This question came up in a recent problem. It basically states: In the limit of $N\gt\gt m \gt\gt 1$ show that $$\frac{\frac{N}{2}!\frac{N}{2}!}{(\frac{N}{2}-m)!(\frac{N}{2}+m)!} \approx \exp\left({-\frac{2m^2}{N}}\right)$$
I'm able to show this approximation by taking the logarithm of the left hand side, using stirling's approximation on the factorials, keeping the lowest order terms and taking the exponential again.
However I would like to show this approximation holds without taking the logarithm and using stirlings approximation.

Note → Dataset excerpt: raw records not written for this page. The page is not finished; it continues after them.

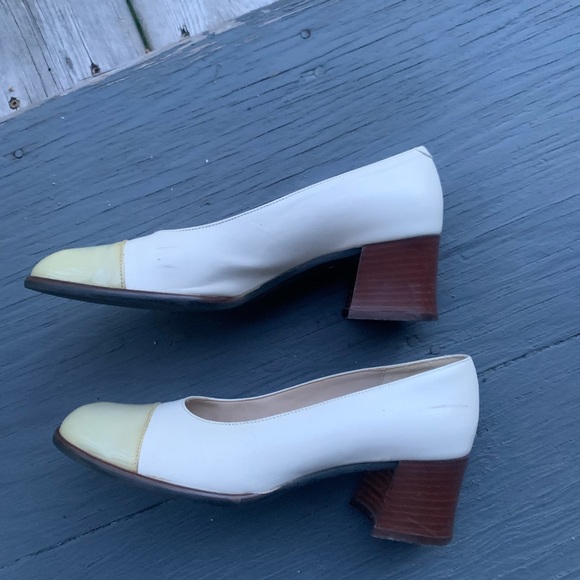 Italian leather two tone leather shoes - Picture 7 of 7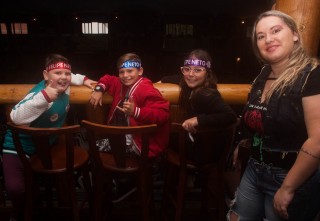 
<a style='margin-left: 5px;' class='btn btn-xs btn-social btn-facebook' href='https://www.facebook.com/sharer/sharer.php?u=https://galeramix.s01.web.getmuller.com.br/imagem/a76/800-800-90/conteudo/site_galerias/76/felipe-neto-mega-fest-3.jpg' rel='popup' data-width='500' data-height='400'><i class='fa fa-facebook'></i>Compartilhar <span class='hidden-xs'>no Facebook</span>
</a> 
<a class='btn btn-default btn-xs' target='_blank' href='imagem/a76/800-800-90/conteudo/site_galerias/76/felipe-neto-mega-fest-3.jpg'>
<span class='glyphicon glyphicon-cloud-download'></span> Salvar
</a>
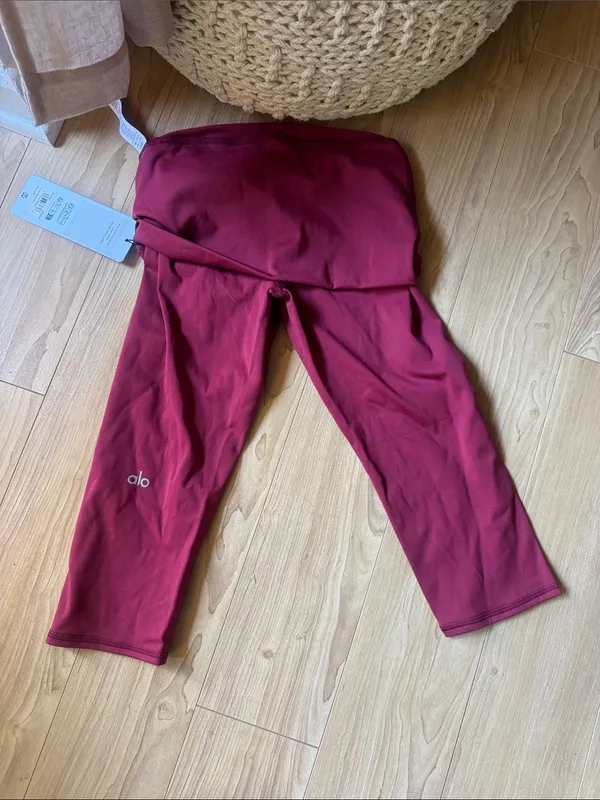 Alo SOFTSCULPT low rise fold over capri - Image 4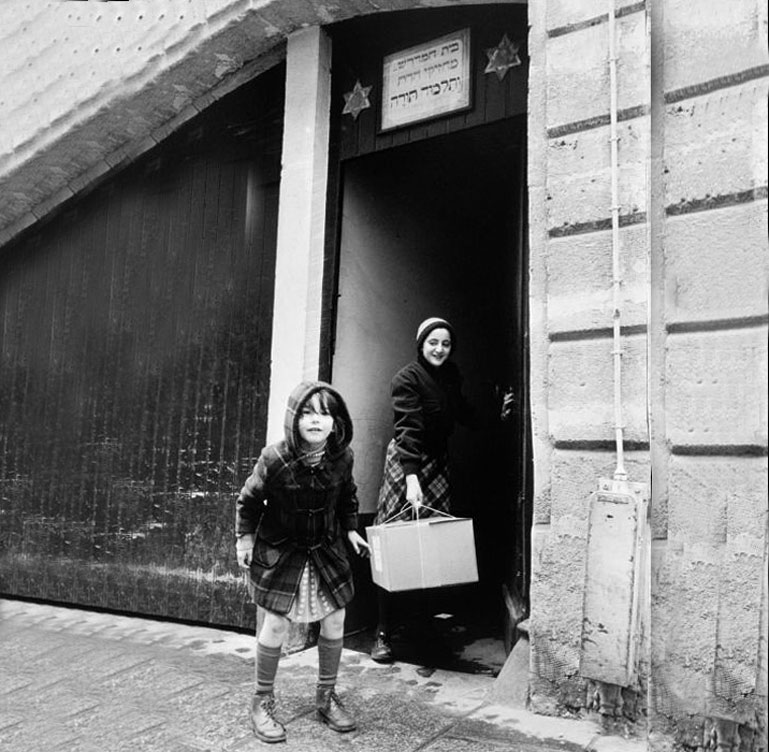 2. Devant le Talmud Torah Mahziké Hadat au 17, rue des Rosiers, 1975.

Simple canceling of common factors gives the expression: $$\frac{\left(\frac{N}{2}\right){}\left(\frac{N}{2}-1\right)...\left(\frac{N}{2}-(m-1)\right)}{\left(\frac{N}{2}+m\right)\left(\frac{N}{2}+(m-1)\right)...\left(\frac{N}{2}+1\right)}$$
Grouping similar terms gave me the following expression: $$\frac{1}{1+\frac{2m}{N}}\prod_{i=1}^{m-1}{\frac{1-\frac{2(m-i)}{N}}{1+\frac{2(m-i)}{N}}}$$
However this is the point where I'm stuck. I tried using binomial approximations on the leading term and the terms in the product and ignoring higher order terms, but I didn't get anything resembling a product/sum approximating an exponential.
Any help would be greatly appreciated.